The Regulations on Cryptocurrency Transaction and ICO in Thailand

 

タイにおける仮想通貨取引・ICO規制について

2018 年 9 月 22 日
One Asia Lawyers タイ事務所
弁護士(日本法) 古橋いぶき
弁護士(タイ法) Ratana Sutharaphan

1 はじめに

 タイでは2018年5月にデジタルアセットビジネスに関する緊急勅令B.E.2561(2018)(以下、「勅令」といいます。)が施行されました。この勅令により、MOF(The Ministry of the Ministry of Finance )及びSEC(The Securities and Exchange Commission of Thailand)が同国の仮想通貨取引及びICOに関する規制当局となることが明らかになりました。
 その後、MOF、SECが関連する具体的な運用方針を策定・発表し、タイにおける仮想通貨取引・ICO関連規制の詳細が明らかになりました。また、これら取引に関する税務上の取扱いも定められましたので、以下に概要をご紹介します。

2 デジタルアセットビジネス

 勅令は、仮想通貨(cryptocurrency)及びデジタルトークンを「デジタルアセット」と定義し、デジタルアセットビジネスとして、①デジタルアセット取引所運営業、②デジタルアセットブローカー業、③デジタルアセット販売業の 3 つに定義しています。
 タイにおいて上記いずれかのデジタルビジネスを営むためには、タイ国法人であること、及び、MOFからデジタルアセットビジネスの営業許可を取得することが必要となります。
営業許可の申請方法や要件、必要書類の詳細はSECのホームページにて公表されていますが、例えば、申請要件の 1 つである最低登録資本金額は以下のとおりです。
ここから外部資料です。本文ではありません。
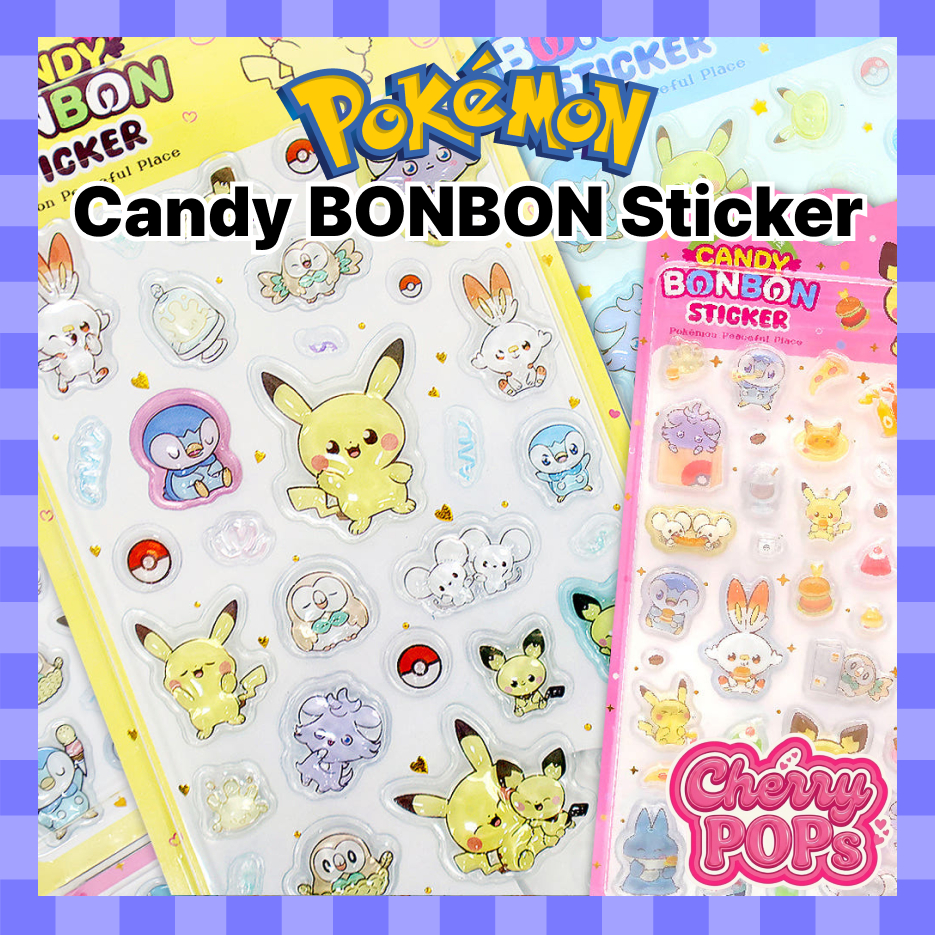 [Pokémon] Candy Bonbon 3D Sticker - อะไหล่กลิตเตอร์ประกายมิติสติ๊กเกอร์ตัวละครสําหรับโทรศัพท์และโฟโต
 • 仮想通貨又はデジタルトークン取引所運営業 登録資本金 5,000 万バーツ以上
 • 仮想通貨又はデジタルトークンブローカー 登録資本金 2,500 万バーツ以上
 • 仮想通貨又はデジタルトークン販売者 登録資本金 500 万バーツ以上

 営業許可申請のおおよその流れは、次のとおりとなっています。まず、申請者は申請手数料 3 万バーツを支払い、SECに対して必要書類のすべてを提出します。SECによる審査の後、SECからMOFへと審査が回されます。MOFが要件をすべて満たすと判断した場合、営業許可が認められます。申請書類のすべてが揃ってから承認までにかかる期間は 150 日とされており、承認を得たデジタルアセットビジネス業者は、営業許可証の発行手数料として、以下の金額を支払い、許可証を得た日から 180 日以内に営業を開始することができます。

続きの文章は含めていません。